Field evaluation of semi-automated moisture estimation from geophysics using machine learning
Geophysical methods can provide 3D, spatially extensive estimates of soil moisture. However, point-to-point comparisons of geophysical properties to measured moisture data are frequently unsatisfactory, resulting in geophysics being used for qualitative purposes only. This is because geophysics (1) requires models to related estimated geophysical properties with soil moisture, (2) suffers from uncertainties, smoothing and/or artifacts introduced from processing and inversion, and (3) results from multiple geophysical methods are not easily combined within a single moisture estimation framework.
To investigate these shortcomings, we performed an irrigation experiment monitoring soil moisture through time and collecting several surface geophysical datasets indirectly sensitive to soil moisture before and after irrigation: ground penetrating radar (GPR), electrical resistivity tomography (ERT), and frequency domain electromagnetics (FDEM). Data were exported in both raw and processed form, as well as evaluated in terms of soil moisture using common calibrations. Post-irrigation datasets were snapped to a common 3D grid to facilitate analysis and testing by multivariate regression and machine learning (support vector regression and random regression forests).

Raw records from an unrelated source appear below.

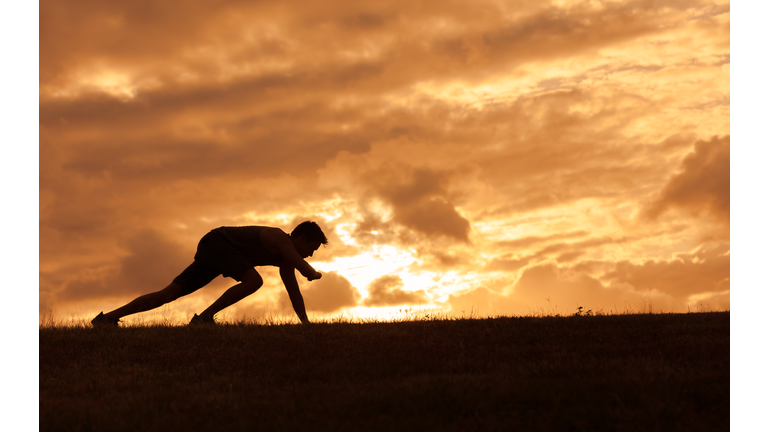 Male runner timing his run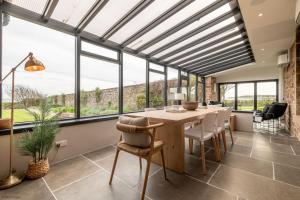 a dining room with a table and some windows at Caiplie Farmhouse, Caiplie, by Crail, KY10 3JR in Kilrenny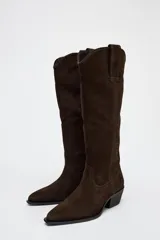 Bota alta de caña alta color marrón chocolate, de serraje con puntera fina y taco bajo.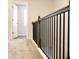 Carpeted staircase with dark wood and black metal railing, leading to the upstairs area at 631 Egrets Lot 50 Lndg, Covington, GA 30014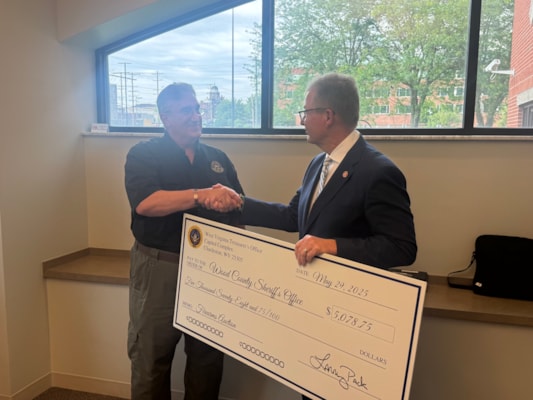 Treasurer Pack Returns More Than $5,000 in Unclaimed Property from Firearms Auction to Wood County Sheriff’s Office, Tours Evidence Rooms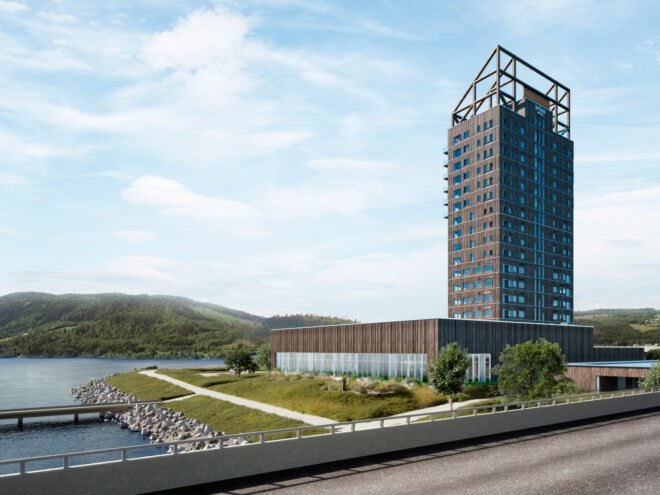 tall wood building overlooking hills and lake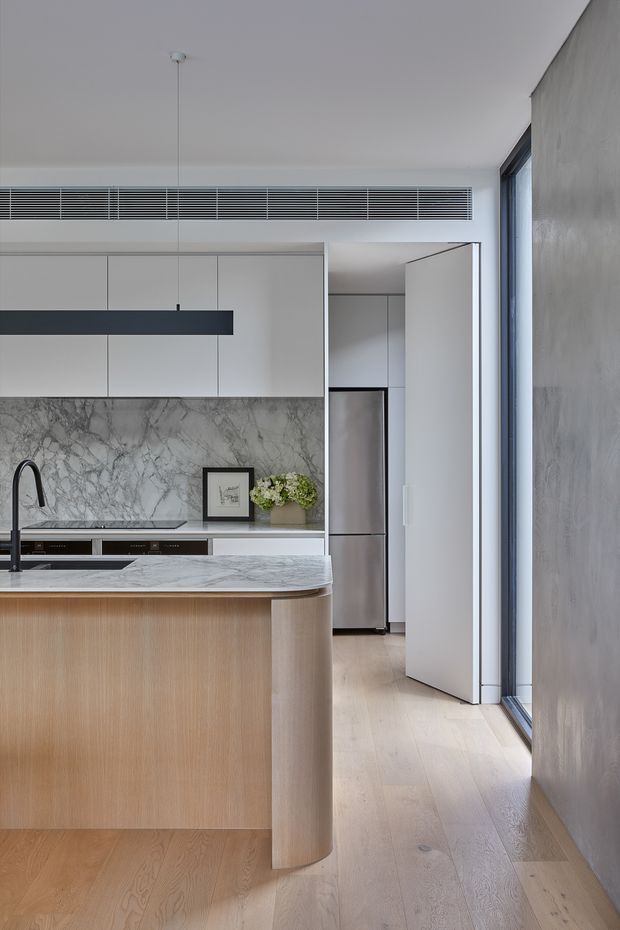 A refined contemporary kitchen viewed from the adjoining circulation area. The space features a large light-wood island with a curved end, a white-and-grey marble benchtop and full-height marble splashback, streamlined matte white cabinetry, integrated appliances, a black linear pendant light, pale timber flooring, and a tall glazed opening along the right side. A concealed or semi-open pantry/utility zone is visible beyond the kitchen.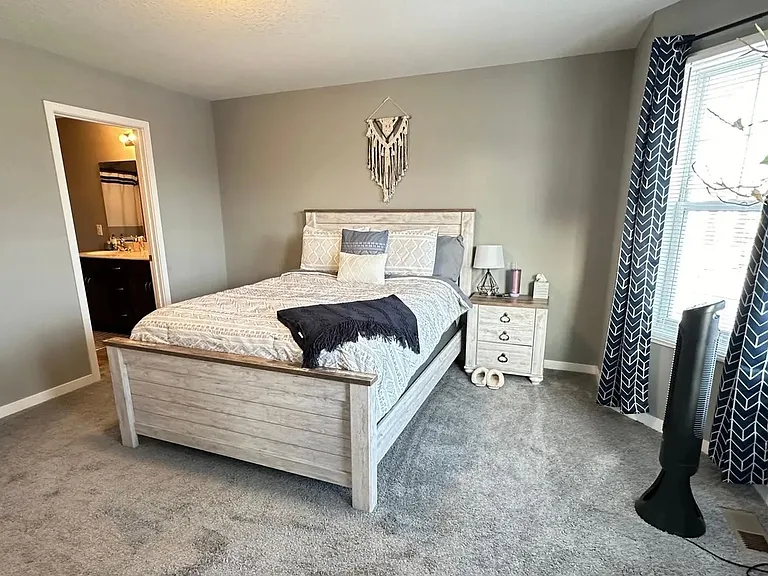 Elevate your living space at LS Capital Group with this beautifully designed bedroom, featuring plush carpeting and modern furnishings for ultimate comfort. Don't miss out on the opportunity to make this your new home. Explore more today!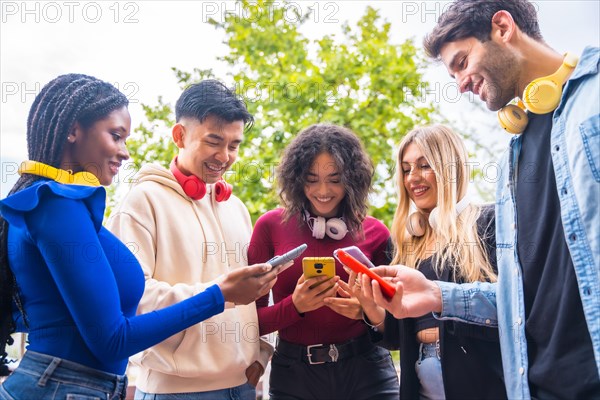 Low angle view of a group of young multi-ethnic teenage friends using cell phones on campus in the city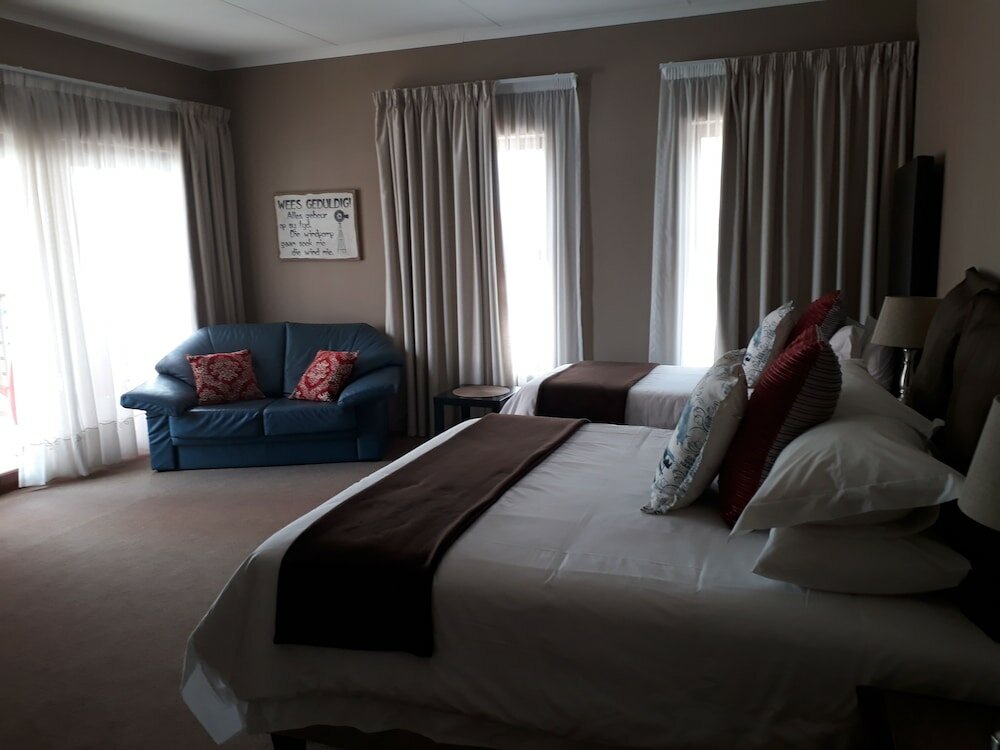 Фото Karoo Sun Boutique Guest House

Results were explored in terms of advantages/limitations of each geophysical method and their respective sensitivity and resolution to subtle soil moisture changes; however, for this site raw ERT pseudosection data were the most informative in terms of accurately predicting soil moisture using a random regression forest model (one-hundred 60/40 training/test cross validation folds produced R2 values ranging from 0.49 – 0.96). This cross validated model was further supported by a separate evaluation using a test set from a physically separate portion of the study area. Machine learning was conducive to a semi-automated model-selection process that could be used for other sites and datasets to locally improve accuracy.